The principles of economics, presented graphically and verbally in this or other introductory textbooks, are all derived from more complex models that have evolved over a century of experimentation and practical experience. Each two-dimensional diagram and its resulting elasticities summarize systems of simultaneous equations. For production, the three kinds of curve (PPF, IRC and ISC) represent all kinds of production functions between all inputs and all outputs, from which observed choices come from profit functions that link quantities and prices. Similarly for consumption, the indifference curves and budget lines represent demand systems of interaction between all requisites of wellbeing such as food, housing, education and so forth.

Supply or demand curves and their elasticities are bivariate summaries of deeper multivariate models that can and should consider variation over time, space and other dimensions. Real-life work by professional economists includes the use of two-dimensional models like our diagrams, or multivariate versions of those models that are written in algebraic notation and solved using calculus or other techniques to analyze all possible real numbers. Modern ways of formulating and estimating these models were advanced in the 1980s and 1990s by Angus Deaton, the use of which led to his being awarded the economics Nobel Prize in 2015. The statistical toolkit used to test and estimate economic relationships, known as econometrics, generates estimated elasticities often used in computational models for projections and policy simulations.
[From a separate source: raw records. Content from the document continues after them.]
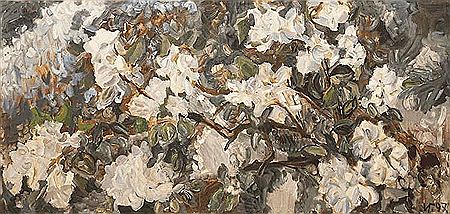 Apple tree blossom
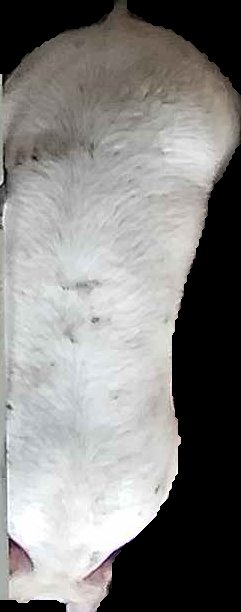 Crop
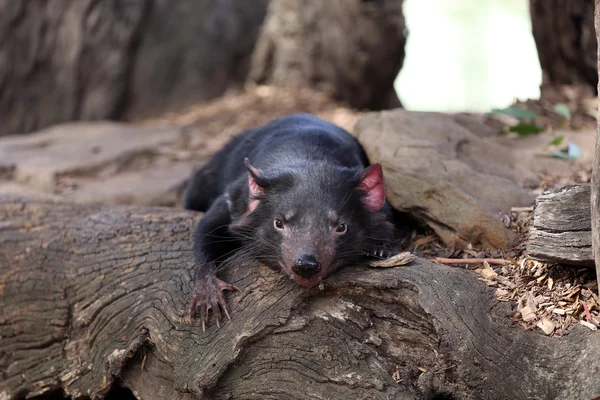 Diablo de Tasmania — Foto de Stock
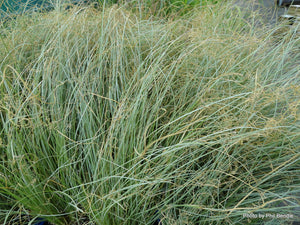 Carex comans 'Green'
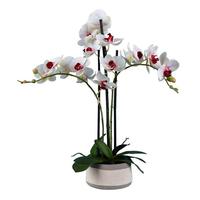 Vickerman 24" Artificial Pink Orchid With Ceramic Pot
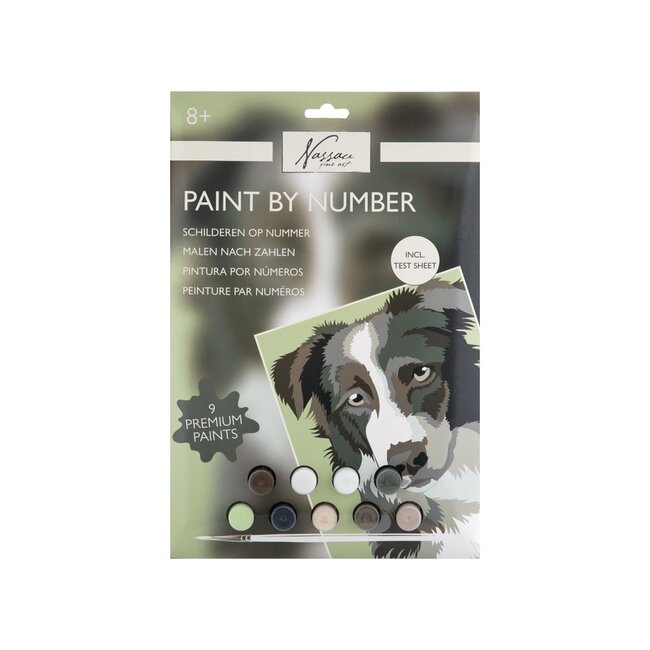 Paint By Number On Cardboard - Hond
In each case, the practical work of economists begins with data in natural units and converts relationships into elasticities for ease of communication. Elasticities show the connection between two variables of a model, but the elasticity itself depends on other factors and could vary when other things change. For food systems one of the most important results of multidimensional models is that elasticities depend on the passage of time. A common finding, named Le Chatelier’s principle after the nineteenth-century scientist who found a similar phenomenon in chemistry, is that quantity change in response to a given shock is often small at first and then rises as more adjustments occur.

Le Chatelier’s principle arises whenever responses happen slowly, and is extremely important for food policies such as soda taxes and agricultural policies such as crop insurance. In many situations, quantity consumed or produced will respond very little at first, but the long-run effect is large. Le Chatelier’s principle can be seen in individuals, if each person responds gradually, and is particularly common for populations where each person responds at a different time. For example soda taxes might have zero effect on some people whose habits are formed, while causing others to cut back as they gradually discover alternatives, and leading future cohorts of people to acquire different habits as they grow through childhood and adolescence. Similarly, crop insurance might lead to no change in just one year followed by experimentation and expansion of riskier activities that are protected by insurance in future years.

Elasticities do not always increase over time, because not all adjustments are costly and slow. In the food system there are often big but temporary jumps in quantity or price that later revert to long-term trends. We often see spikes or dips in quantities of specific things when a news story, price fluctuation, income shock or product introduction lead people to try something new, but then gradually return to their long-term trajectory. For storable products, price elasticities are heavily influenced by stockholding. In normal times inventories may be adequate to absorb shocks, but when inventories are low or shocks are high we see price spikes as consumers, producers, distributors and traders hold on to supplies or build up stocks which they later sell, driving prices back down to long-term levels.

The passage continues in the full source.